• Exercise: Wherever a picture appears in the listing below, leave it out and reproduce the rest exactly.

• Data to process:

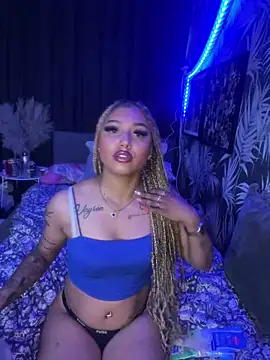 YoungXylena online show from 05-28-26, 06:27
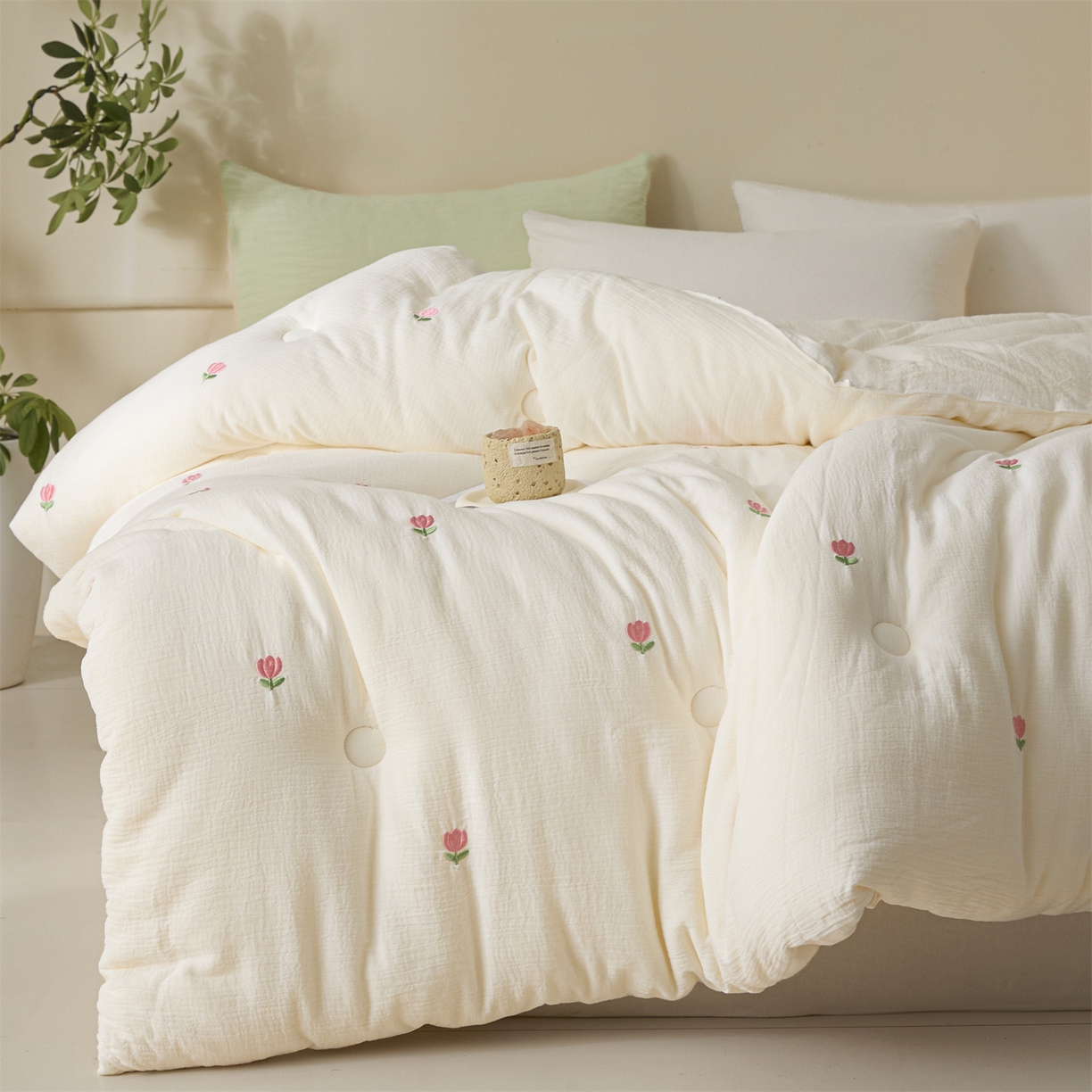 91家纺网 家纺一手货源 找家纺 创优家纺 2025新款专版绣花全棉满绣刺绣21%大豆被纯棉被芯被子春秋被加厚冬被夏被直播 郁金香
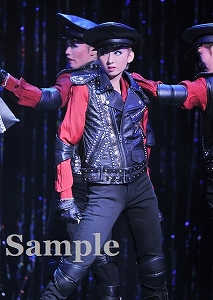 凪七 瑠海 舞台写真／月組東京公演『宝塚をどり』『明日への指針 ―センチュリー号の航海日誌―』『TAKARAZUKA 花詩集100!!』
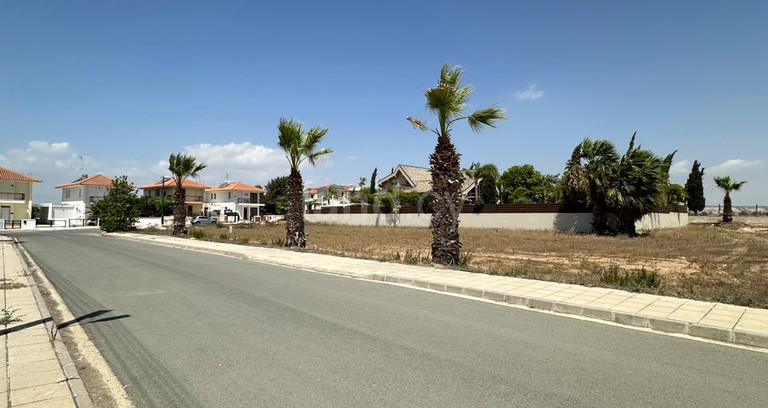 Tomt avsedd för boende till salu i Larnaca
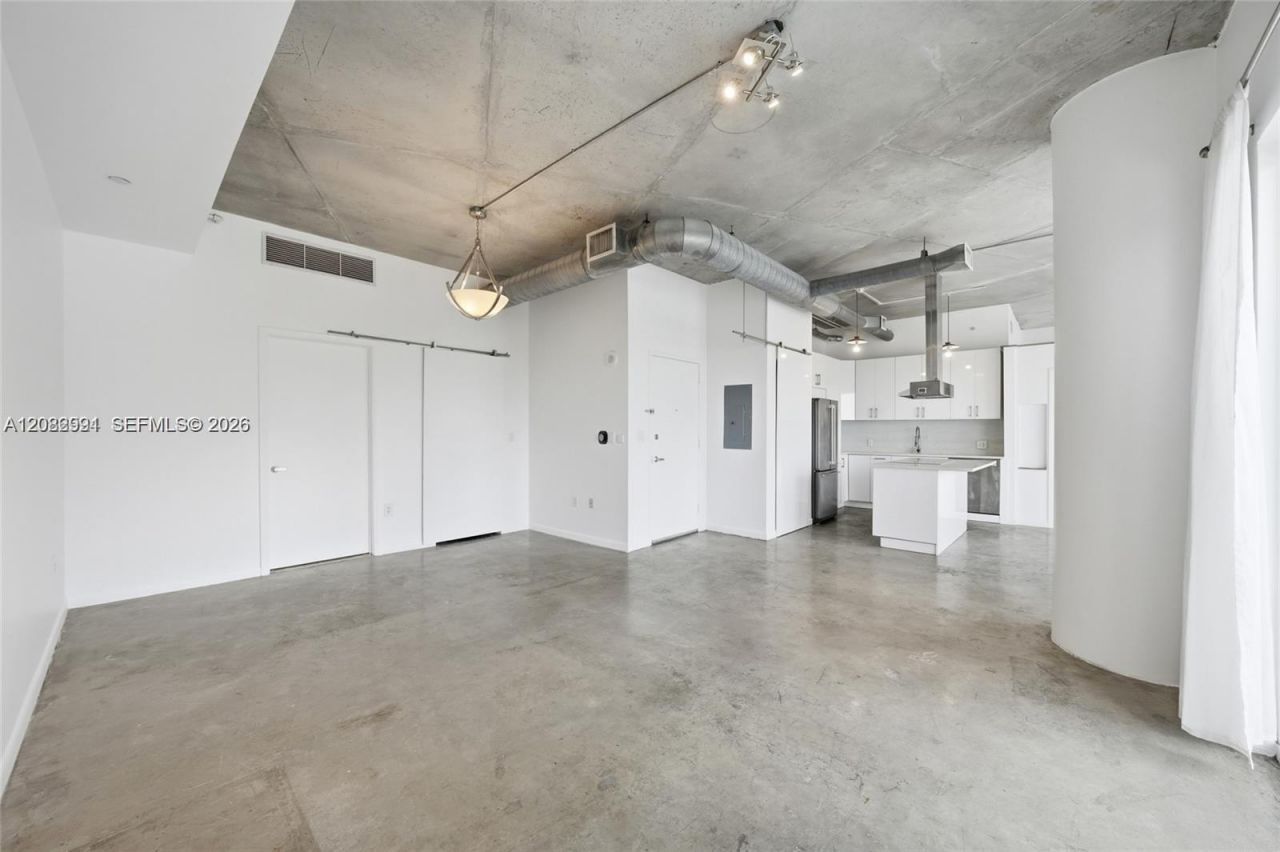 10 SW South River Dr , Unit 804, Miami, FL 33130 Photo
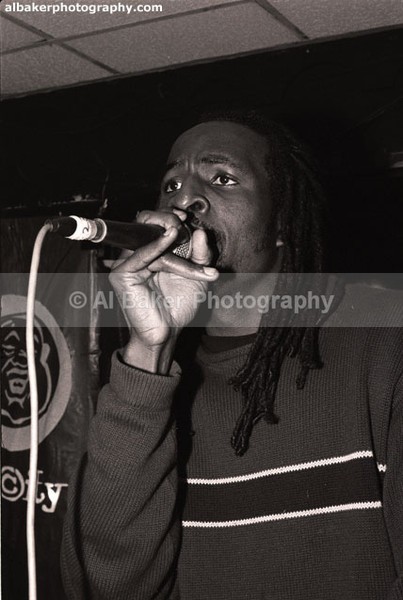 11 insight - Friends-&-Family @ the-roadhouse 16.11.02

• Solution for this task:
 YoungXylena online show from 05-28-26, 06:27
 91家纺网 家纺一手货源 找家纺 创优家纺 2025新款专版绣花全棉满绣刺绣21%大豆被纯棉被芯被子春秋被加厚冬被夏被直播 郁金香
 凪七 瑠海 舞台写真／月組東京公演『宝塚をどり』『明日への指針 ―センチュリー号の航海日誌―』『TAKARAZUKA 花詩集100!!』
 Tomt avsedd för boende till salu i Larnaca
 10 SW South River Dr , Unit 804, Miami, FL 33130 Photo
 11 insight - Friends-&-Family @ the-roadhouse 16.11.02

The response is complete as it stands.